Mispersepsi dan Eksploitasi: Menelusuri Sejarah dan Realita Gunung Kemukus

Mispersepsi dan Eksploitasi: Menelusuri Sejarah dan Realita Gunung Kemukus

Gunung Kemukus, sebuah situs bersejarah di Desa Pendem, Kecamatan Sumberlawang, Sragen, Jawa Tengah, telah lama terbebani citra negatif sebagai tempat praktik prostitusi, yang populer dengan sebutan 'mountain sex'. Isu ini telah beredar luas dan mencoreng reputasi kawasan tersebut selama bertahun-tahun. Namun, di balik stigma negatif itu, terdapat sejarah dan konteks budaya yang perlu dipahami untuk mengurai kompleksitas permasalahan yang terjadi.

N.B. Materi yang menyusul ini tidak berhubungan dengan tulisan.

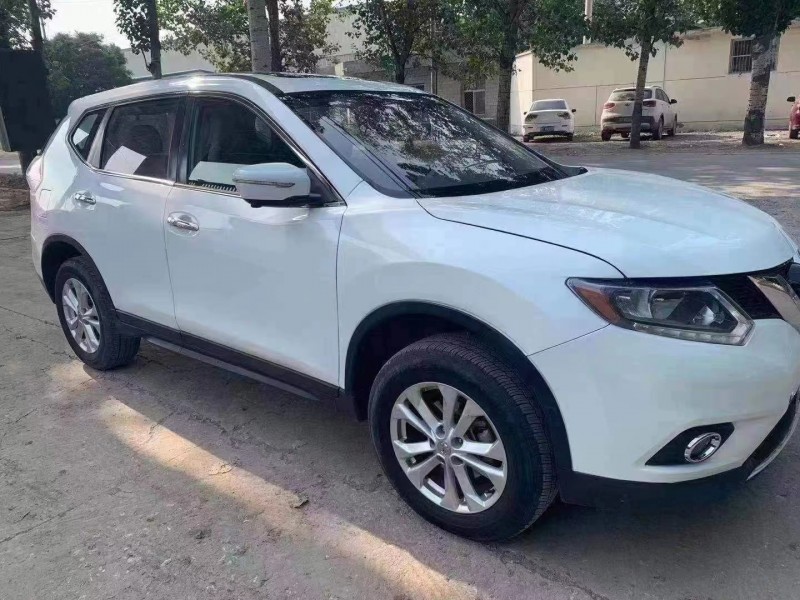 保定15年日产奇骏2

Menurut Wijanto, penanggung jawab Gunung Kemukus, misinterpretasi atas sebuah pepatah Jawa menjadi salah satu akar masalah. Pepatah tersebut, " sopo sing pengin urip mulyo moko kowe ziarah makan Samudro koyo-koyo nekani demenen ", yang bermakna "siapa yang ingin hidup sukses, maka berziarahlah ke makam Pangeran Samudro seakan-akan mengunjungi kekasih", telah disalahartikan dan dikaitkan dengan praktik hubungan seksual di lokasi tersebut. Interpretasi keliru ini diperparah oleh kisah legenda Pangeran Samudro dan Dewi Ontrowulan, yang menambahkan lapisan rumit pada persepsi masyarakat.

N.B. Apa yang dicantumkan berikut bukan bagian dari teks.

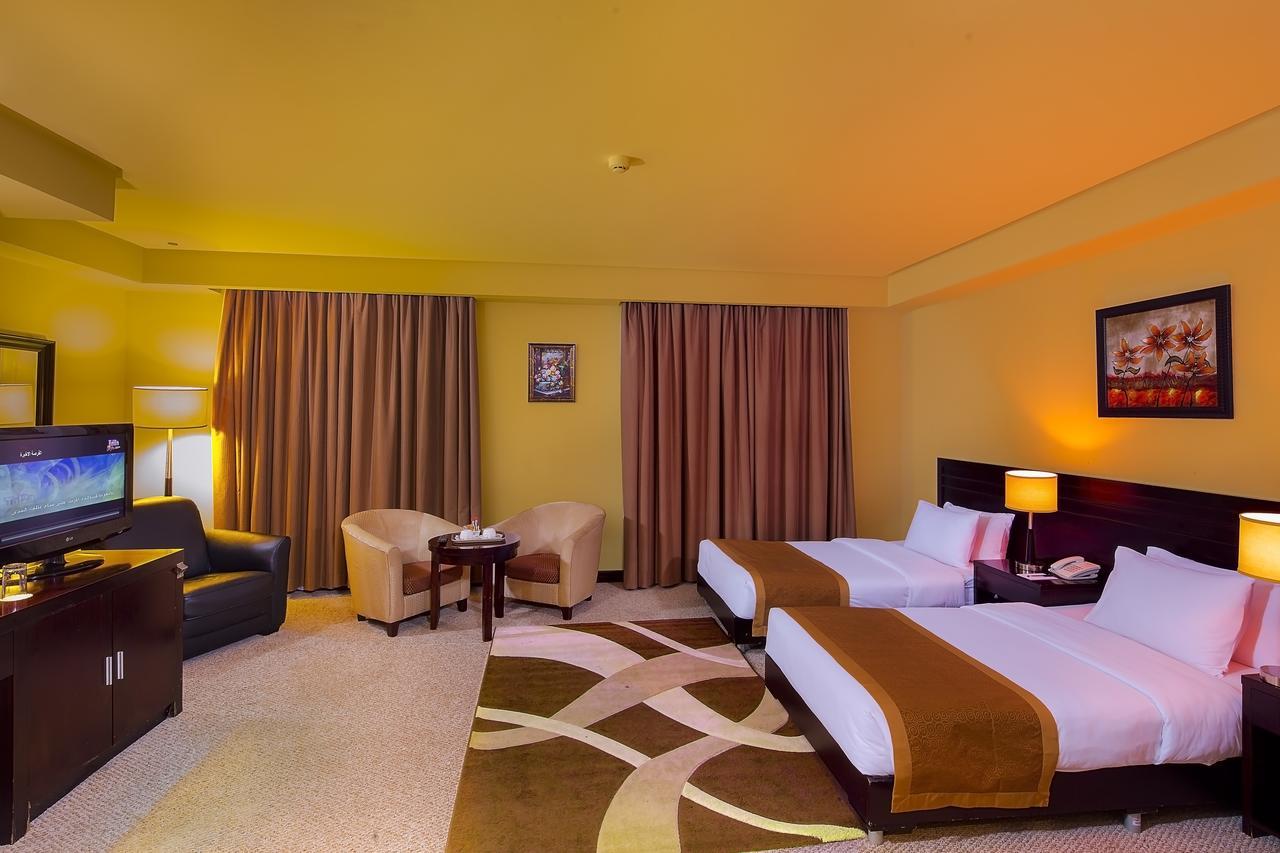 Monroe Hotel & Suites Манама Екстериор снимка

Legenda tersebut menceritakan Pangeran Samudro, putra Brawijaya V, raja terakhir Majapahit yang menyebarkan agama Islam di Karanganyar, jatuh sakit di Gunung Kemukus dalam perjalanan kembali ke Demak. Kehadiran Dewi Ontrowulan, ibu tiri Pangeran Samudro, yang menyusul setelah mendengar kabar tersebut, menciptakan narasi perselingkuhan yang kemudian berkembang menjadi cerita rakyat. Kisah ini, meskipun masih memerlukan verifikasi historis yang lebih mendalam, telah dimanfaatkan untuk melegitimasi praktik-praktik yang menyimpang di Gunung Kemukus.

Konon, cerita tentang perselingkuhan Pangeran Samudro dan Dewi Ontrowulan telah dimanipulasi untuk meyakinkan masyarakat bahwa hubungan seksual di Gunung Kemukus akan mengabulkan hajat. Hal ini diperkuat oleh penyebaran informasi dari mulut ke mulut (getuk tular), yang tanpa disadari ikut mempromosikan citra negatif Gunung Kemukus sebagai tempat prostitusi. Meskipun Wijanto menyatakan bahwa hanya sebagian kecil masyarakat yang masih mempercayai hal tersebut, dampaknya tetap terasa signifikan.

Sayangnya, persepsi negatif ini telah berdampak nyata berupa eksploitasi seksual, khususnya terhadap perempuan di bawah umur. Seperti yang telah diberitakan sebelumnya, kasus Tindak Pidana Perdagangan Orang (TPPO) di Gunung Kemukus melibatkan seorang muncikari yang telah diamankan oleh Polres Sragen. Kasus ini menjadi bukti nyata bagaimana mispersepsi budaya dapat dimanfaatkan untuk melanggengkan praktik ilegal dan merugikan, khususnya bagi kelompok rentan.

Oleh karena itu, pemahaman yang komprehensif mengenai sejarah dan budaya Gunung Kemukus sangat penting untuk mengatasi masalah ini. Upaya edukasi dan klarifikasi informasi yang akurat diperlukan untuk memperbaiki citra Gunung Kemukus dan mencegah eksploitasi seksual di masa mendatang. Selain itu, penegakan hukum yang tegas juga menjadi kunci untuk memberantas praktik TPPO dan melindungi korban. Menghilangkan stigma negatif Gunung Kemukus memerlukan upaya bersama dari berbagai pihak, termasuk pemerintah, masyarakat, dan penegak hukum.

Kesimpulannya, Gunung Kemukus bukanlah sekadar tempat praktik prostitusi seperti yang selama ini dicitrakan. Permasalahan yang terjadi adalah hasil dari misinterpretasi sejarah dan budaya, yang kemudian dimanfaatkan untuk tujuan eksploitasi. Untuk membangun citra positif dan melindungi masyarakat, diperlukan upaya bersama untuk meluruskan persepsi yang salah dan memberantas praktik-praktik ilegal yang terjadi di kawasan tersebut.